● Work required
Tell how many lines of the material below hold "Privacy". The reply is that number alone.
Segment Open
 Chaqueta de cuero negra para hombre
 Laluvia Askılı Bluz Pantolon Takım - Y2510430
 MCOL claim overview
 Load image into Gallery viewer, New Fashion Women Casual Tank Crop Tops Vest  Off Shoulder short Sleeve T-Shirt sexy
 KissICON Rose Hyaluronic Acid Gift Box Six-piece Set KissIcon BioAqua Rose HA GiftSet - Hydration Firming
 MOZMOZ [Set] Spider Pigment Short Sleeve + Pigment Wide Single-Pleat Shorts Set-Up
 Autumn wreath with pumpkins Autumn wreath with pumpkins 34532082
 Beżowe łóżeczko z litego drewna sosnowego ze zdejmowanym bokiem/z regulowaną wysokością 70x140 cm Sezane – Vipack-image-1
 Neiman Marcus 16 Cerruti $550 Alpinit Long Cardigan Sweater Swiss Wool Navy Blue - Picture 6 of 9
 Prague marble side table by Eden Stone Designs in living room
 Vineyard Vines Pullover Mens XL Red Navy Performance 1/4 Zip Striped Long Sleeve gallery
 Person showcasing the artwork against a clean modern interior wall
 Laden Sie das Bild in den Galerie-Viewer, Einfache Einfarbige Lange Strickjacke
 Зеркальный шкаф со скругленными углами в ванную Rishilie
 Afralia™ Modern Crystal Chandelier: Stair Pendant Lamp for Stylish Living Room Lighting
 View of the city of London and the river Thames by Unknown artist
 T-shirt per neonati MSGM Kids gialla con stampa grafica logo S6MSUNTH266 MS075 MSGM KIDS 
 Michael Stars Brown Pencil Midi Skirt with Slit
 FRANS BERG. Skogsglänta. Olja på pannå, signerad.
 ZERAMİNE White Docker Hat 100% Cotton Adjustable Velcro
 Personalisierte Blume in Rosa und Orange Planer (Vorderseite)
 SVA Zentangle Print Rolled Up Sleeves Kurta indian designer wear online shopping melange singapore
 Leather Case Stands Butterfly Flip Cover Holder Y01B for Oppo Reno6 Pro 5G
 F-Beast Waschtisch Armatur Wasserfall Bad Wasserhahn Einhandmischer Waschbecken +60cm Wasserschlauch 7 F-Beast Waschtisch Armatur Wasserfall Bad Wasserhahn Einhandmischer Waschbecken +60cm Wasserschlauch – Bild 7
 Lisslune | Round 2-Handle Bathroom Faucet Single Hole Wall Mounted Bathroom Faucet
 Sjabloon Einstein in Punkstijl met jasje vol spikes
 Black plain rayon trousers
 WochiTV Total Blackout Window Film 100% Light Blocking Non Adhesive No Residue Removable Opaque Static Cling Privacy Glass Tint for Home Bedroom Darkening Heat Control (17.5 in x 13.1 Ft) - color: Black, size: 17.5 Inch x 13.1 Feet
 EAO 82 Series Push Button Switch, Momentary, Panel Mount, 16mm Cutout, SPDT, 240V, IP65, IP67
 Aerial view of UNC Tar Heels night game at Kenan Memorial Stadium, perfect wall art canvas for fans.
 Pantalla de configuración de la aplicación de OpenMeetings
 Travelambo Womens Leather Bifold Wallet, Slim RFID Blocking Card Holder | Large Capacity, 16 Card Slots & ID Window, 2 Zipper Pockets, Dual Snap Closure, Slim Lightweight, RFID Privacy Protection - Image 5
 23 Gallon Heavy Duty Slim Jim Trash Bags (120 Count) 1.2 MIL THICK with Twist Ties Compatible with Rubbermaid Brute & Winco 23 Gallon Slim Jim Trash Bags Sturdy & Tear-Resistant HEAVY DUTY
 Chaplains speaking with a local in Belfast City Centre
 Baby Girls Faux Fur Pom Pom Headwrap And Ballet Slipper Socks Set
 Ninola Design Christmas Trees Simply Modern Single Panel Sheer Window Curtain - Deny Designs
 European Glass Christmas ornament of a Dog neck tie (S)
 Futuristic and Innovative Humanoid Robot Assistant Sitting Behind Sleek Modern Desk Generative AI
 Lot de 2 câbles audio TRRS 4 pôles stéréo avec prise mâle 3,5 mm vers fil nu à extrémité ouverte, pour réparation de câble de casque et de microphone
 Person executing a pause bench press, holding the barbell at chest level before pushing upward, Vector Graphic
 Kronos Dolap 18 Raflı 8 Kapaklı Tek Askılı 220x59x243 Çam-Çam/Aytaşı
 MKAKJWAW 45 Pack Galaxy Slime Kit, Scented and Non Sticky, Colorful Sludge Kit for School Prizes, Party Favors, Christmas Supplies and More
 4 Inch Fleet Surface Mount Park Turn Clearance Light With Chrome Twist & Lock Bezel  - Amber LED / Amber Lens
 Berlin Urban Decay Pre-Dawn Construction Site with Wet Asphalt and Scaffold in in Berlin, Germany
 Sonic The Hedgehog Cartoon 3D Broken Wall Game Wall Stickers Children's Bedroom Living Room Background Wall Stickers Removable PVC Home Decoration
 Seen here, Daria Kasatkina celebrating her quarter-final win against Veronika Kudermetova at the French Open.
Segment Closed
● Result of this exercise
2